1. The expression ‘ça ira’ goes back to the time of the French Revolution, when it was a well-known battle cry. ‘Ah! Ça ira!’ is the title of one of the most popular revolutionary songs. Best known is its refrain:

‘Ah! it’ll be fine (three times)
Let’s string their lordships up;
Ah! it’ll go fine (three times)
Their lordships, they’ll be hanged’

(Ah! Ça ira (ter)
Les aristocrates à la lanterne;
Ah! Ça ira (ter)
Les aristocrates, on les pendra)

The song was still known in Van Gogh’s day, but he could also have come across the phrase in his reading, in literature on the French Revolution. He uses the expression again in letters 210, 232 and 397.
2. Van Gogh refers here to Van Rappard’s plans to go to Brussels to paint from nude models (l. 57).
3. Trains from Utrecht to Brussels passed through one of these two places, both of which are close to Etten.

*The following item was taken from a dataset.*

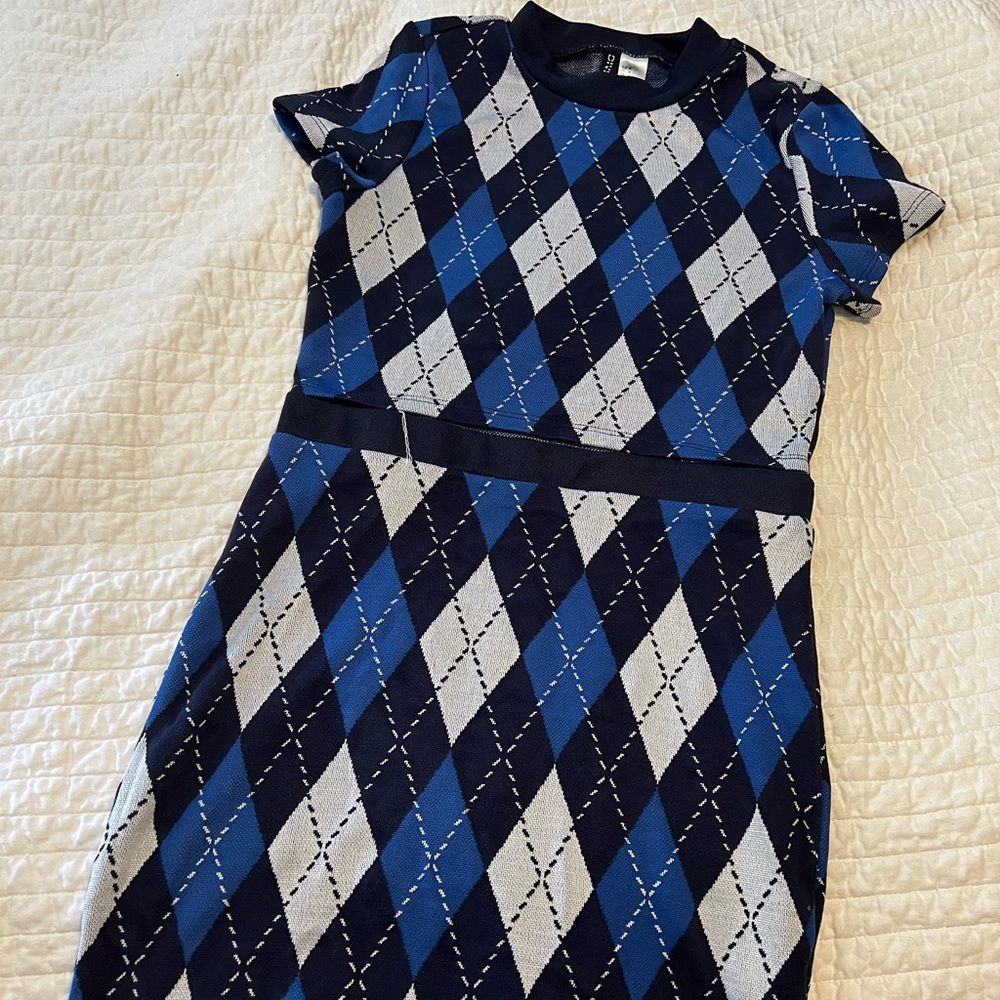 H&M Short dress in a soft jacquard knit size M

4. Van Gogh’s wording suggests that Van Rappard has meanwhile become familiar with a small version of the drawing Man sitting by the fireplace (‘Worn out’) (F 863 / JH 34 [2345]). This is F 864 / JH 51, which was folded and comes from Van Rappard’s estate. It must have been one of the sketches Van Gogh promised to send in letter 174; the sketch Sower with a sack mentioned later in this letter (see n. 7) was probably sent at the same time.
[2345] [683]
5. To visit Uncle Vincent van Gogh.
a. The expression is actually ‘een hart onder de riem steken’, meaning ‘to give someone encouragement or moral support’.
b. Meaning: ‘niets omhanden hebben’ (to have nothing to do, to be idle).

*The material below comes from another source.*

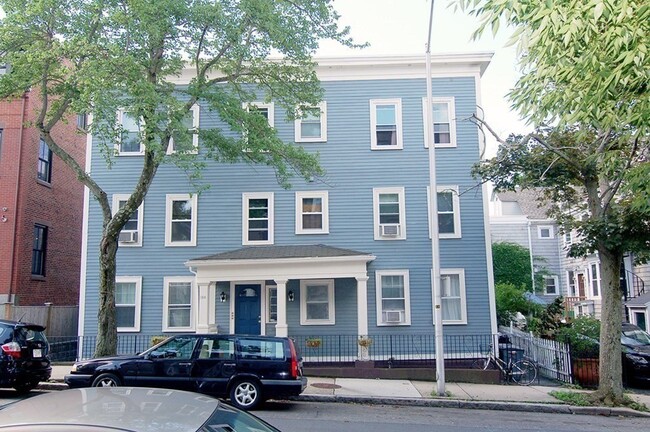 Building Photo - 106 Otis St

6. These drawings are no longer extant.
7. This remark indicates that Van Rappard had now seen the sketch Sower with a sack (F 857 / JH 32 [2344]), made after the drawing of the same title, F 862 / JH 31, so that it could not have been sent with the present letter, as assumed in De brieven 1990. The sketch comes from Van Rappard’s estate. This is also an indication that Van Gogh had in fact sent Van Rappard the sketches promised in letter 174. See also n. 4 above.
[2344] [317]
8. The poem ‘The song of the shirt’ by Thomas Hood is about a poor seamstress who reflects on her sad fate: she is hungry, and works without rest from morning to night. She cannot even cry about it, because tears would hamper her sewing. The poem expresses the hope that her lament will reach the ears of wealthy employers who exploit their workers. It gained instant popularity when it first appeared in Punch (16 December 1843, Christmas Number). Evidently Van Gogh had just heard of the poem, probably having discovered it by some indirect route. This might have been Gustave Doré’s illustration to the poem – which Van Gogh could easily have seen some place – made for the edition of Hood’s Poems, London 1870. The poem is to be found in Thomas Hood, Poetical works. Ed. by Walter Jerrold. London 1906, pp. 625-626.
9. In the late 1870s the renowned Hague collector Willem Nicolaas Lantsheer was considered by the board of Arti et Amicitiae to be one of the most important art lovers in the Netherlands. A brother of Van Rappard’s mother, Suzanna Adriana Carolina Lantsheer, he undoubtedly showed appreciation for his nephew’s work. See Stolwijk 1998, pp. 345-346; exhib. cat. Amsterdam 1974, p. 11 and Nederlands Patriciaat 75 (1991), p. 185.
10. Shortly before this (on 4 October), Van Rappard had become a member of the artists’ society Arti et Amicitiae in Amsterdam. The two paintings of his that were displayed at the exhibition of Levende Meesters (Living Masters) were both priced at 150 guilders: Op eenzame paden (On lonely paths) and De botanische tuin te Brussel (The botanical gardens at Brussels) (cat. nos. 268-269). See exhib. cat. Amsterdam 1881, p. 22, and the enclosed price list, p. 3. Apparently a competition was held, and Van Rappard finished in 11th place (see letter 184).